David Melber: A heritage of service

The incoming vice president of NAMB’s newly-formed Send Relief mercy and compassion ministry shares how service has been an integral part of his life and testimony.

Send Relief: Tell us a bit about your testimony.

David Melber: I’m a native of Paducah, Ky., and I was raised by Christian parents. We were very active in service-related projects, and that shaped the time leading up to me accepting the Lord. I can remember as a young teenager thinking, “I don’t really understand why we’re devoting all of this time or effort or resources to this.” But that was my parents’ Christian witness to me that finally led me to the point that I realized there was something about their lives that I did not share, and I came to know the Lord as a teenager.

SR: How did you come to be involved in full-time ministry?
DM: After accepting Christ, I stagnated in discipleship. I went through college, met my wife, Tera, got married and moved onto a path that led to success in the business world. I was pretty much convinced that the Lord had allowed us to be in a role where we could make a lot of money and give money away. I thought that was how He would have us serve.

I traveled an enormous amount of time with my job, and Tera and a group of ladies started praying for me. They were praying that I would be home with my family more often.

Through this group of ladies praying and the Lord’s conviction over a period of 18 months, God just basically said to me, “You say you trust me, but you don’t trust me with your finances. Unless you trust me with that, we can’t continue on this path.”

That initiated the sequence of leaving secular work and going to seminary. While I was in seminary, the Lord gave us a heart for missions. In 1999, I joined the team at Crossings in Kentucky. Through Crossings, we were helping students realize you don’t have to wait until you’re an adult to live for the Lord. God wants you to be on mission right now, right where you are.

SR: Tell us about your family.
DM: We have six kids, and as you can see, obviously some of them are not genetically like us. Over the last 15 years, God opened our heart to adoption and the orphan crisis. In addition to our three biological children, we have a daughter from the Philippines and two sons from Ethiopia.

SR: How did God lead you to adopt?
DM: Growing up in Paducah, we did not personally know of anyone who had been through an international adoption, so we were walking down a path that was very much uncharted for us.

One of our very first international partners at Crossings was a camp in Moldova. When I visited, I was taken into an enormous orphanage—there were probably 600 or 700 orphans in this four- or five-story concrete building. I was walking through this massive, cold orphanage, and I remember thinking, “This is not acceptable.”

We already had three kids at the time, and we knew that we were done growing our family biologically, but I remember calling Tera and just saying, “You know, the Lord has blessed us. We can’t obviously adopt all of them, but we have to do something.”

Maritess was two weeks away from her 7th birthday when we brought her home. We got Jonas when he was 5 and then Isaac when he was 4. So they did come here with memories about their upbringing. Knowing their stories has helped us see through their eyes and through the eyes of people who have grown up in vastly different circumstances from what we typically do here in the United States. It’s really softened our hearts.

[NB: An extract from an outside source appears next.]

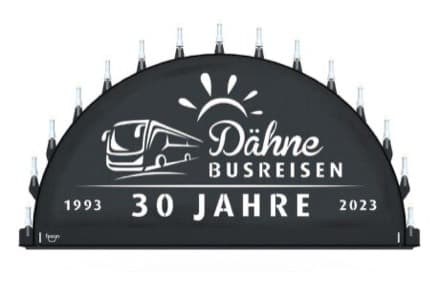 Beleuchteter Schwibbogen mit dem Sondermotiv Reisebüro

A lot of people will say, “You’ve been such a blessing to bring these three kids into your home,” and I’ll say, well, the blessing for us has been far greater. It’s that ever-present reminder that God has us here to be a witness and proclaim His name and share His gospel with all of earth. It’s shaped all of our kids. It’s reshaped our whole family. It’s changed our understanding of the gospel as people that are adopted into the kingdom.

SR: What is your hope for Send Relief to mobilize all generations of the church?
DM: As you think about the population of the respective churches that we sit in, not everybody is going to say, I feel called to go plant a church. The beauty of something like Send Relief, and all the various ministries that could come out of that, is its capacity to involve everyone from an 8-year-old child to a senior adult with very tangible ways that they can be the hands and feet of Christ. We need to take our kids and involve them in serving others—even if they don’t understand the gospel yet. Part of our training and stewardship with young kids is to engage them with serving and caring for others. I didn’t have any idea that the service projects that my parents were involved with would ultimately be a part of God leading me to a saving knowledge of Jesus Christ. Send Relief can do that very thing. Not only are the recipients of Send Relief ministries going to come to Christ, I think there are going to be people involved in Send Relief projects that are not even believers yet, but as they are serving others, as they are seeing the gospel lived out, those people are going to come to Christ, too. Their story can be like mine.